━━━ PROVIDED DATA

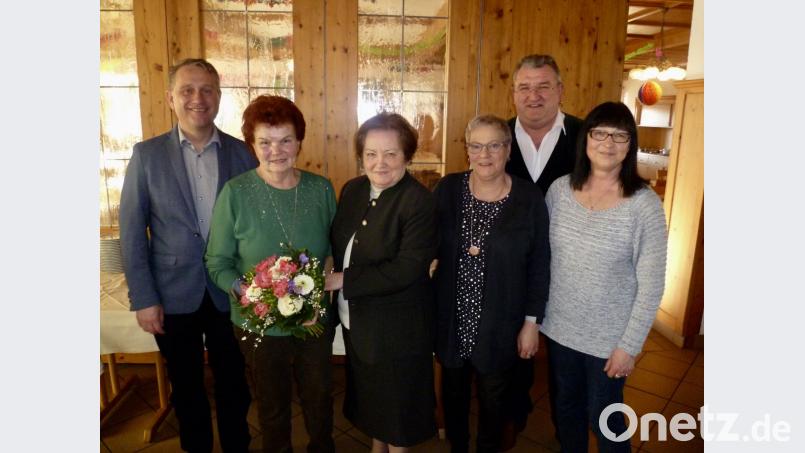 In der Jahreshauptversammlung des VdK-Ortsverbands Luitpoldhöhe-Poppenricht gab es Blumen für Monika Pirkl (Zweite von links) als 300. Mitglied. Dazu gratulierten (von links) 2. Bürgermeister Hermann Böhm, VdK-Kreisvorsitzende Marianne Kieß-Baldasty, Frauenbeauftragte Eva Senft sowie die Vorstandsmitglieder Frank Senft und Hedwig Rössner. Bild: usc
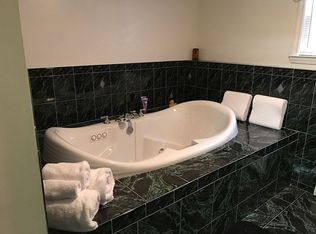 1 Pheasant Ln, Clinton, MA 01510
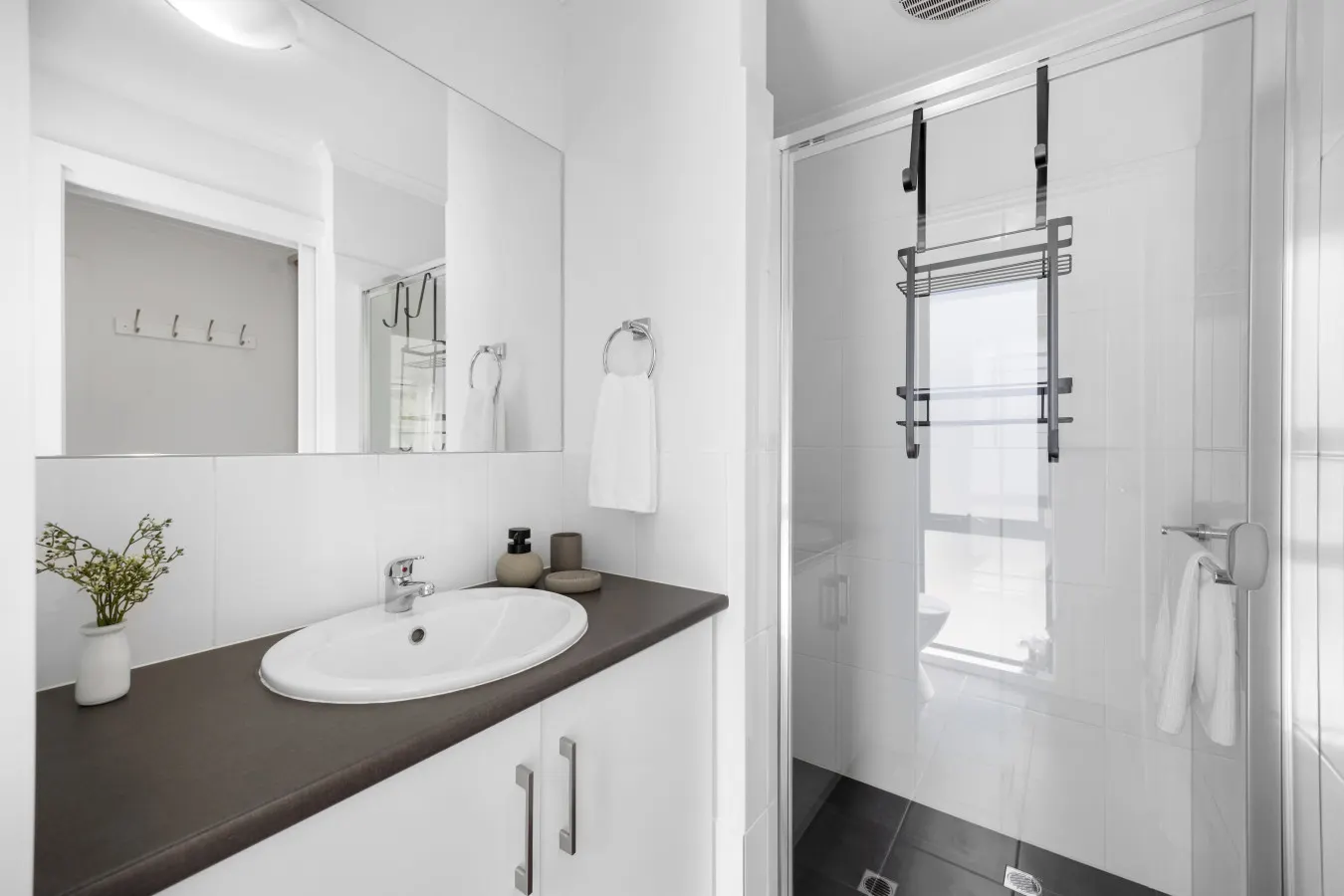 The Oak Grove—Stylish Retreat between Beach & CBD 13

━━━━━━

Pictures stay out. Copy exactly, and only, the lines from the one containing "1 Pheasant Ln, Clinton, MA 01510" through the end of the data.

 1 Pheasant Ln, Clinton, MA 01510
 The Oak Grove—Stylish Retreat between Beach & CBD 13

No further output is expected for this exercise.